## WORK TO BE COMPLETED
Repeat the records below verbatim, and do not copy their pictures.

Records contained in a dataset:
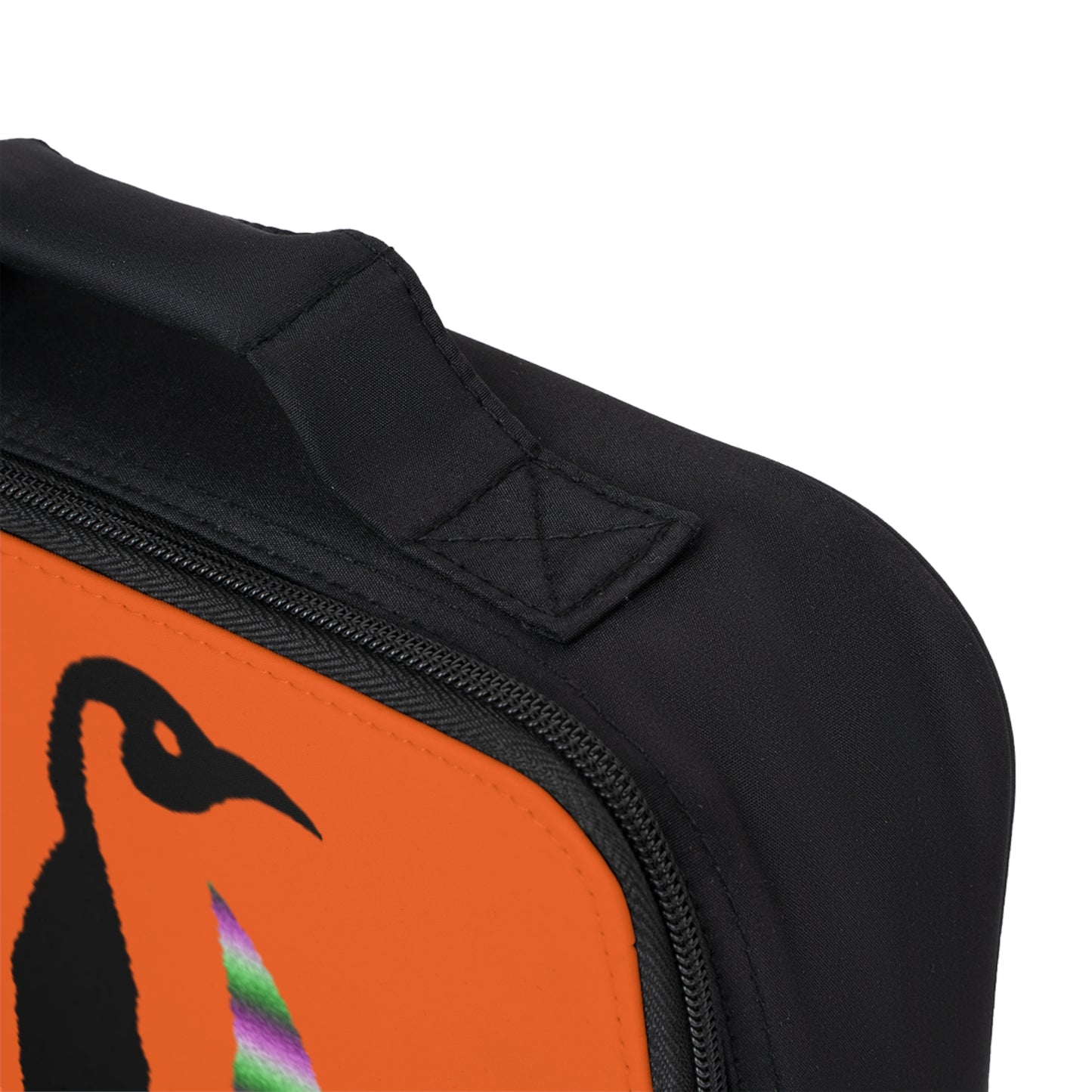 Lunch Bag: Crazy Penguin World Logo Orange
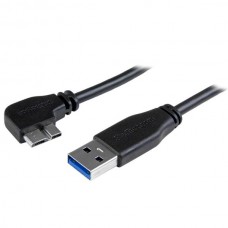 CABLE DELGADO 0.5M MICRO USB 3.0 ACODADO A IZQUIERDA A USB A . grande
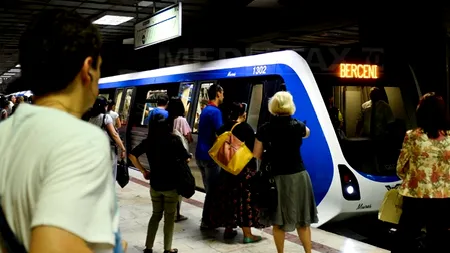 Metrorex: Șase trenuri suplimentare, începând de marţi. Timpul de așteptare este de 9-10 minute
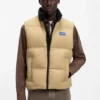 Relaxed-fit padded vest with logo badge Relaxed-fit padded vest with logo badge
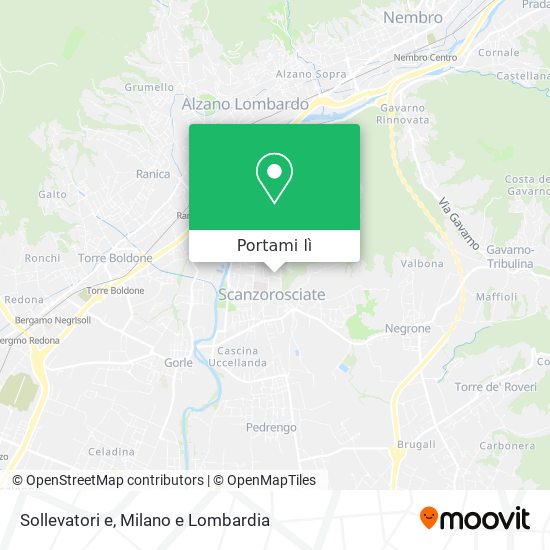 Mappa Sollevatori e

## EXERCISE OUTPUT
 Lunch Bag: Crazy Penguin World Logo Orange
 CABLE DELGADO 0.5M MICRO USB 3.0 ACODADO A IZQUIERDA A USB A . grande
 Metrorex: Șase trenuri suplimentare, începând de marţi. Timpul de așteptare este de 9-10 minute
 Relaxed-fit padded vest with logo badge Relaxed-fit padded vest with logo badge
 Mappa Sollevatori e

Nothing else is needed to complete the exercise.